WORK INSTRUCTION: All the data that follows should be repeated exactly, without a single picture.

INPUT DATA:
»»

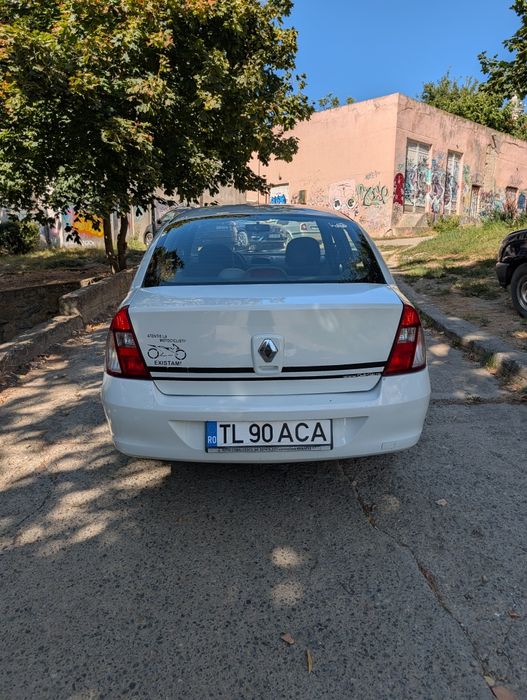 Vând Renault Clio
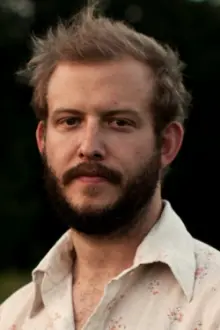 Justin Vernon como: Ele mesmo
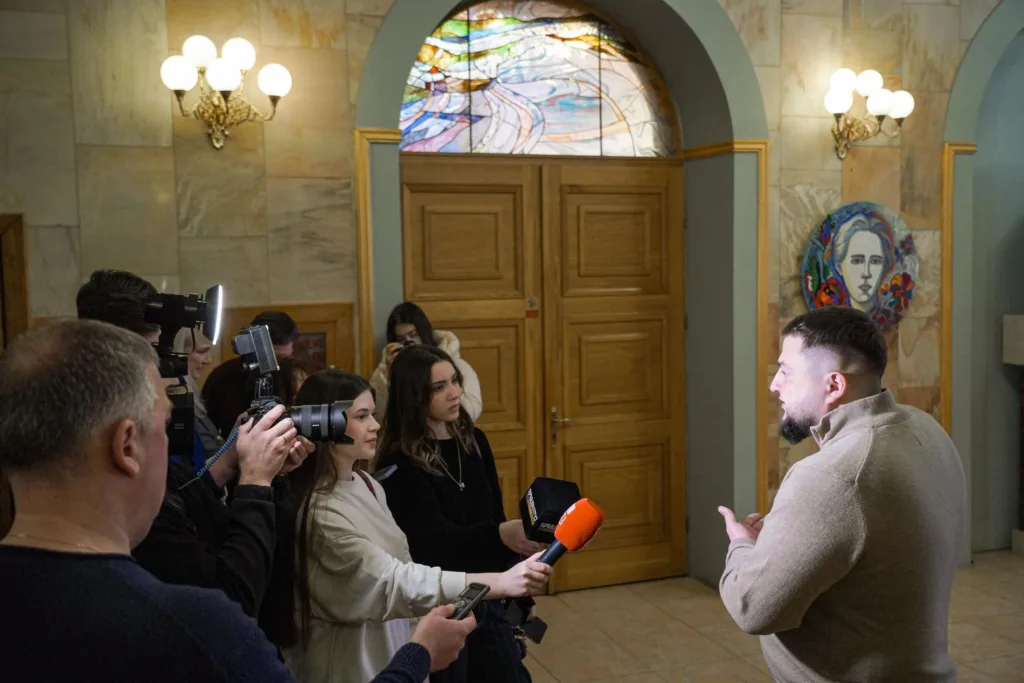 Львівська національна філармонія - У Львівській національній філармонії запрацював перший в Україні сценічний підйомник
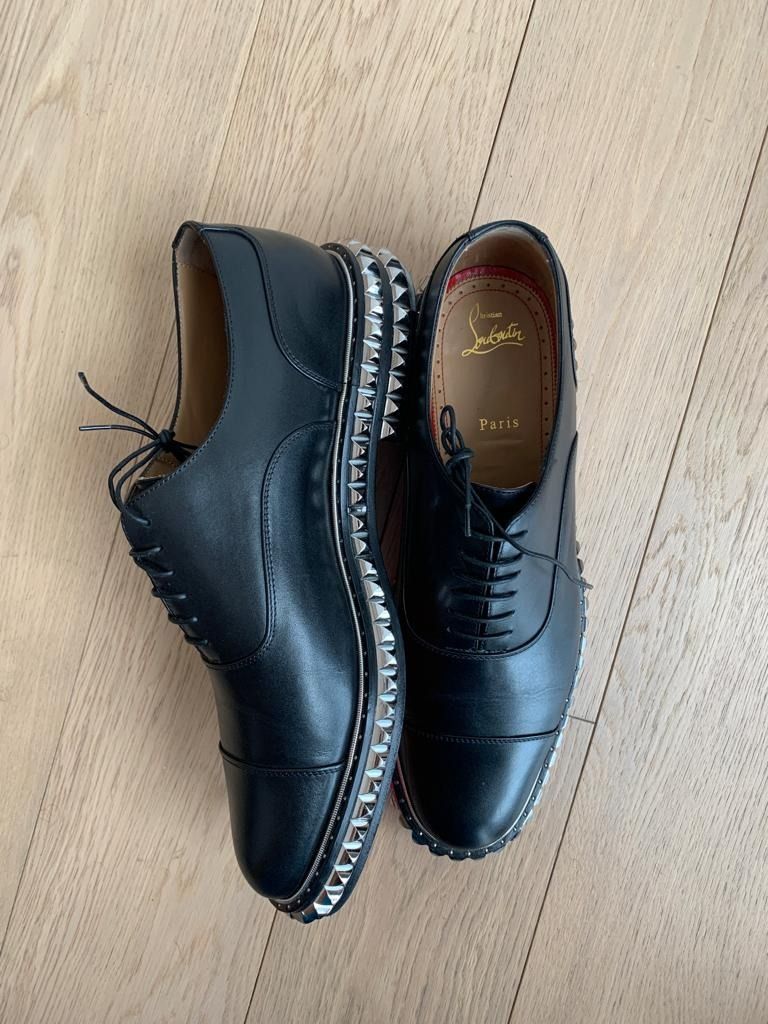 Size 11 christian louboutin shoes deals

««

RESULT OF THE EXERCISE:
 Vând Renault Clio
 Justin Vernon como: Ele mesmo
 Львівська національна філармонія - У Львівській національній філармонії запрацював перший в Україні сценічний підйомник
 Size 11 christian louboutin shoes deals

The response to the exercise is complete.